College Admission Scandal Highlights Parental Desperation

College Admission Scandal Highlights Parental Desperation

All parents want their children to do better in life than them, be it professionally or personally.

There was a time when ensuring that their child chooses a respectable and gainful profession was the ultimate goal of parents. The scope of this goal has now increased to encompass their child getting admitted into a selective elite college that will not only provide rigorous educational training but also provide opportunities that will give their children a leg up in the ladder of success.

Most parents will do whatever they can to help their child succeed. For some parents, this translates into them tutoring their children, hiring tutors for them, enrolling their kids in esoteric extra-curricular activities to help them stand out from others. Basically take steps that will help their children become high achievers. For others, it means taking short-cuts by bribing doctors to falsely give a disability certificate allowing their child to get more time when taking the standardized tests, give donations extraordinaire to the university endowment fund to help their child get admitted, bribe school officials and test proctors to fix their children’s SAT/ACT scores, create fake certificates of achievement, fabricate photographs and under false pretenses get their children admitted into their university of choice.

My first introduction to University of Southern California was in the TV show “Liv and Maddie” which my daughter watches. In it, the main character Maddie has a goal to get a basketball scholarship at USC, a highly selective private research university. I chanced upon it again via the news reports last week that the USC athletic coaches have been charged with accepting bribes to get unqualified students admitted to their university as part of the sports quota. Besides USC, among others, elite colleges such as Stanford, Yale, Georgetown, University of Texas and University of California Los Angeles are also involved in this college admission scandal.

33 parents and 17 school and collegiate officials have been charged by Federal Bureau of Investigation (FBI) with:

  • Paying and accepting bribes
  • Tampering with the SAT and ACT test scores and
  • Fabricating sports credentials for the student applicants when they had minimal or none.
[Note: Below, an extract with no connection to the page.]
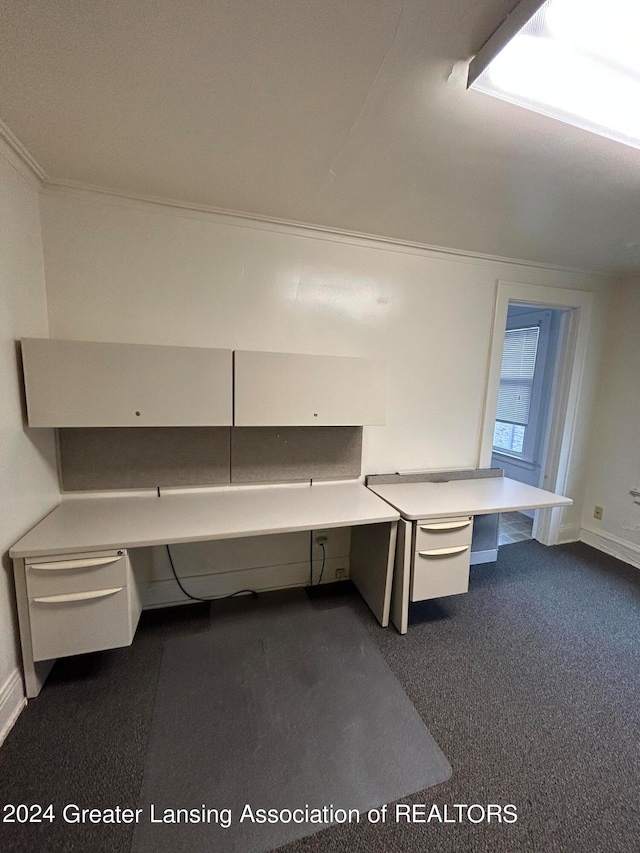 unfurnished office with carpet and built in desk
The list of parents charged includes business leaders, actors and other wealthy individuals who have paid hundreds and thousands of dollars to Rick Singer, who under the garb of his college admissions counseling company “The Key”, masterminded the scam and was responsible for coordinating the payments and admissions of his clients. The “privileged” kids were admitted in the sports quota for these universities that typically demand higher grades/scores, but accept lower ones in standardized tests and academics if a student is a distinguished athlete.

This college admission scandal, sadly, highlights the utter helplessness and desperation of parents to do anything to make their child get into a top tier college and per their outlook, succeed. These parents, by resorting to unethical means, forget what their ultimate responsibility towards their children is and what the ultimate goal of education is.

People need to be educated so that they can make intelligent moral choices. – Gary L. Francione

The goal of education is to raise good human beings of sound character and moral values who will also be successful. Parents who have both these goals, help their children succeed by helping them prepare better for the tests by training hard for it and in the process building their character. Whereas others, who are focussed only on the being successful part, will resort to any wrong doing to help their children get ahead.

Education without values, as useful as it is, seems rather to make man a more clever devil. – C. S. Lewis

By their unscrupulous acts, these parents are showing their children that hard-work and effort can be circumvented. That you can buy almost anything if you have money for it. That you are not responsible for your own success. An attitude not conducive to raising good human beings and good citizens. An attitude that will rob their children of their actual potential, their true calling, their sense of achievement and ultimately their sense of self. An attitude that no one will thank them for – neither their children nor the educational institution they wish their children to be part of.